As I thought about this, the Christmas hymn “O Come O Come Emmanuel” came to mind. I’ve always loved the haunting melody and profoundly hopeful lyrics that perfectly capture the deep sadness of sin and the hope of redemption the Israelites surely felt as they awaited the coming of their Savior, God With Us. Before Jesus came on the scene, Israel had experienced 400 years of silence. God spoke through the last prophet, Malachi, and then… nothing. 400 years of nothing. Hence, the first few lines of the song:
O Come O Come Emmanuel
And ransom captive Israel
That mourns in lonely exile here
Until the Son of God appear.
However, God was still working, waiting for the opportune time to send his son. The hymn continues:
Rejoice! Rejoice! Emmanuel
Has come to thee O Israel.
After the 400 years, in a small town called Bethlehem, God was suddenly closer to His people than ever before. No longer would he speak through prophets and judges - the Lord was finally with his people. The draught was over.
In one of my favorite series, the Chronicles of Narnia by C.S. Lewis, the land of Narnia experiences a similar darkness, caught in an eternal winter - a winter without Christmas, no less. However, the minute Aslan comes on the scene, things begin to change. The snow and ice starts to melt, as Aslan’s prescence brings about the long-awaited spring.
Much of Lewis’s Narnia was an allegory, with Aslan representative of Christ; I think it’s significant that winter turns to spring the minute Aslan enters Narnia. Narnia’s winter is distinctly reflective of Israel’s period of waiting, broken by the coming of Jesus.

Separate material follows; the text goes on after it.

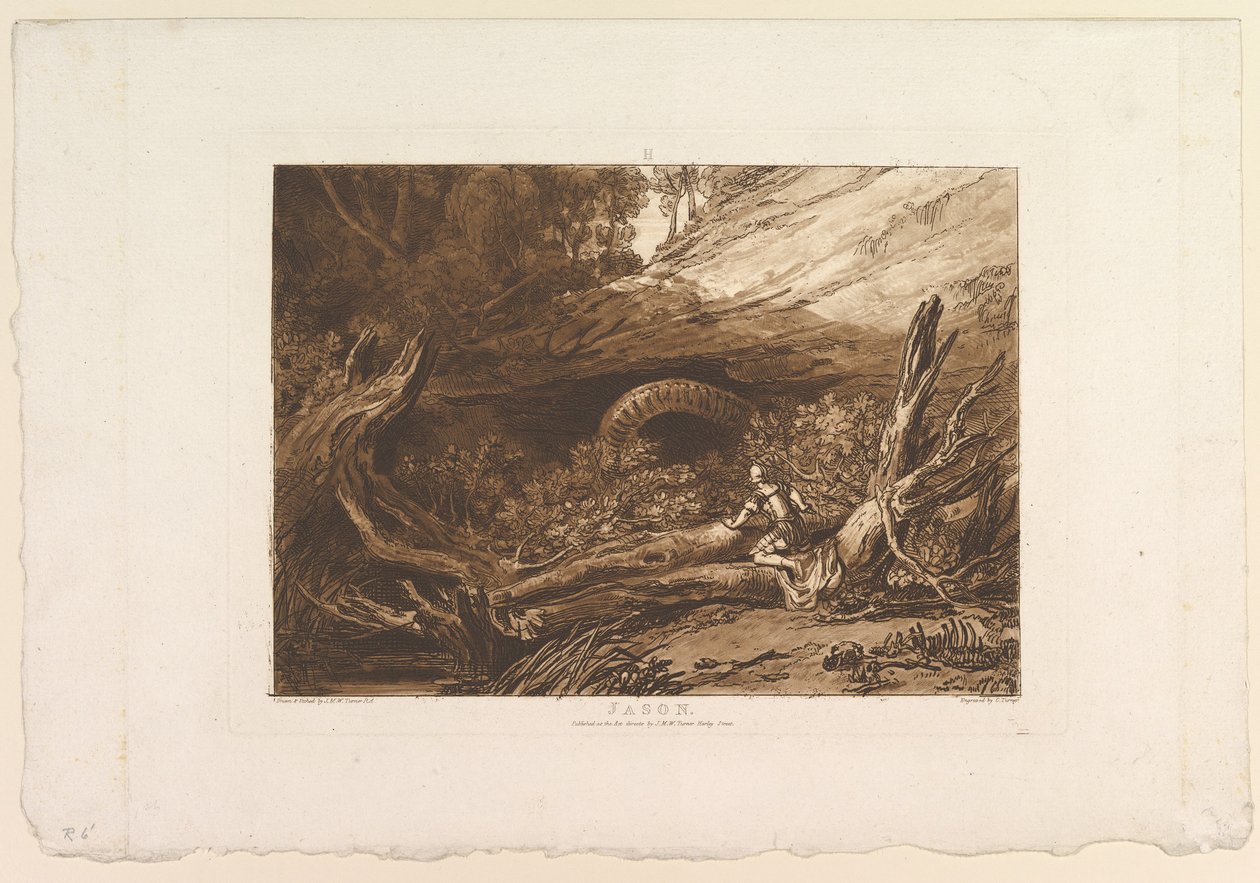 Jason Book Studies, Parte 1, placa 6, 11 de junho de 1807. de Joseph Mallord William Turner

As in Narnia, Israel’s draught could be compared to a winter of sorts, one that began all the way back in Eden, where everything went terribly wrong. Jesus’s first coming was a promise - that in the cold of winter, his people could look forward to the day that sin and death would be no more - that winter would give way to spring. That, I believe, is the reason that Christmas is a winter holiday. Not only do we look back on Jesus’s birth, when he ended the 400 year winter - but we who live in the already and the not yet can look forward to his second coming, when winter will be defeated once and for all and we will live in an eternal spring.
And so, as we celebrate Christmas this winter - as the temperatures outside plunge into the teens, the animals hide, and everything becomes cold and quiet - we can look forward to the day when the sun will come out again and the earth will revive. One day, Jesus will return, ending winter once and all. So in the bleak midwinter, we have hope.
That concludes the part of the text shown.